L’introspezione di Silvia Benvenuto parte da una riflessione di un racconto, Il Minotauro, del drammaturgo svizzero Friedrich Dürrenmatt. La storia classica che conosciamo della creatura che convive con una metà ferina è richiusa dallo scrittore svizzero in un labirinto di specchi. Per Silvia Benvenuto la lettura di un racconto, in cui è la stessa immagine che fa presente al Minotauro la sua solitudine, non poteva che essere motivo di ispirazione. Gli specchi riflettono come la fotografia che è in qualche modo specchio della vita, riflette un attimo, unico e irripetibile; così la fotografia è lo specchio di solitudini e attese. “Quello che mi interessava far arrivare era l’aspetto della solitudine” ci spiega Silvia. Il corpo femminile ritratto nelle foto è il suo, autoscatti in cui non si riconosce, in cui è diventa materia fotografica. Quelli impressi nelle foto sono solo due corpi, due esseri che “cercano uno spazio umano, però tragico e anonimo, si cercano e si nascondono“. La malinconia di queste foto è nell’assenza della perfezione, Silvia non ricerca una bella foto, riesce solo a realizzarla.

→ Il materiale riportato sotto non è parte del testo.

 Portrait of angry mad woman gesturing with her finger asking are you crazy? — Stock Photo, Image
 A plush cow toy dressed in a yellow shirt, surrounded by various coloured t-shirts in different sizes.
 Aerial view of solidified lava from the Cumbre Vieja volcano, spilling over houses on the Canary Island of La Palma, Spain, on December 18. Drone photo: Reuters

Lavorare in pellicola facendo autoritratti la mette nella condizione di non poter pretendere l’inquadratura perfetta, quello che ci colpisce, in questi scatti quasi vanesi, è il fatto che sono liminari alla poesia pura.
Ancora il bianco e nero al femminile di Giorgia Barchi per rimanere alle Sponde dell’anima. Un reportage sul fiume sacro. Un racconto di una religiosità lontana e fervente; un modo di essere così lontano dal nostro che ogni volta ci rimane impresso. Il solo bagnarsi nell’acqua accresce lo spiritualismo anche di chi osserva. Tutto rimane fermo, si guarda un rito che è immobile da secoli e sembra sempre nuovo e irripetibile. Giorgia Barchi elimina i colori perché la forza dei gialli e dei rossi di quei luoghi potrebbe distrarre dall’espressione e dall’attesa di chi cerca la purificazione dell’anima, come le fotografie cercano di custodirle, quelle anime, in una cornice. Bilancia il bianco per purificare i contorni per renderli immobili.
Unico tocco di colore nell’unica visione maschile dell’Attesa, che in Antonio Guzzardo è divertente e ironica. Antonio si ispira ad Oliviero Toscani, provante e dissacrante, cerca le luci di Linch e di Roman Polański, le sue sono storie divertenti. Colpiscono e fanno sorridere l’immaginario, riconducono ad altre immagini, distruggono l’idea classica di pubblicità usando il loro stesso linguaggio. Le foto di Antonio Guzzardo sono quasi grottesche, l’importante è il messaggio non la tecnica, solo la comunicazione.
Poesia, storia e gioco. Tre modi di fermarsi per attendere la finale.